Investments like mutual funds and index funds have an “expense ratio,” which refers to the percentage of an investor’s assets used to cover expenses associated with the mutual fund. Expense ratios are determined by dividing the total expenses for a mutual fund by the dollar amount of its average assets. For example, if a mutual fund has an expense ratio of 1%, that means that 1% of your employee’s total investment into that fund will be taken each year in fees.1
One type of fee to look out for if you’re examining the costs covered by the expense ratios of your 401(k) plan’s investments is the “load,” which represents a commission paid to a broker for buying and selling shares of a fund. Some loads are paid when a share is purchased and others are paid when a share is sold.
The money paid in an expense ratio generally covers investment fees for the management and marketing of the fund, but the expense ratio of an investment can sometimes also contain some often overlooked fees which are often spread among the many partners involved in running a 401(k) plan in a process called “revenue sharing.”
What is the Range for Average 401(k) Fees?
Typically, 401(k) plans cost somewhere between 1% and 2% of the plan assets, or the money saved in the account. Some outliers can see fees as high as 3.5%, but these high fees can have a significant impact on your employees’ ability to retire and should be avoided if at all possible.2 There are many factors which can impact the cost of a plan, from the amount of money in the plan, to the investment options you choose to include, to the level of service you receive.
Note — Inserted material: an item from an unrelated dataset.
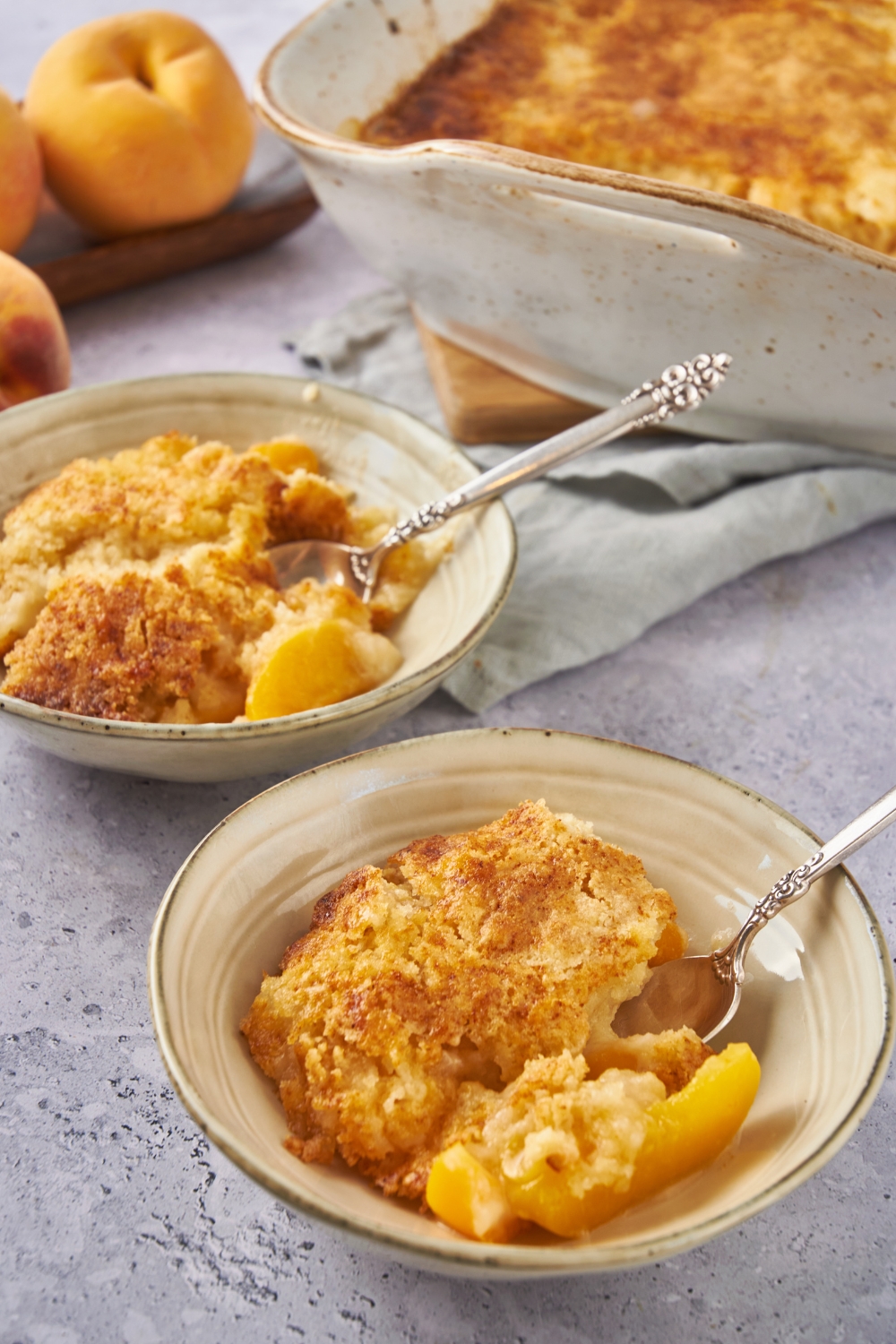 Two servings of peach cobbler with spoons in the bowls and the rest of the cobbler in the background.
401(k) Fees Paid by Employers
Of the three different types of 401(k) fees, employers can choose to pay either administrative or fiduciary and consulting fees, pay both, or have all fees paid by employees who participate in the plan. Investment fees are almost exclusively paid by employees. Employers who do choose to pay some of these fees often do so in order to keep costs as low as possible for their employees, so that more of their money is saved and invested for retirement. However, only 17.8% of employers fully pay administrative fees. A further 19.5% share these expenses with employees.3 The rest have set up their plans so that these fees are paid out of the plan’s assets or, in other words, by anyone who participates in the plan.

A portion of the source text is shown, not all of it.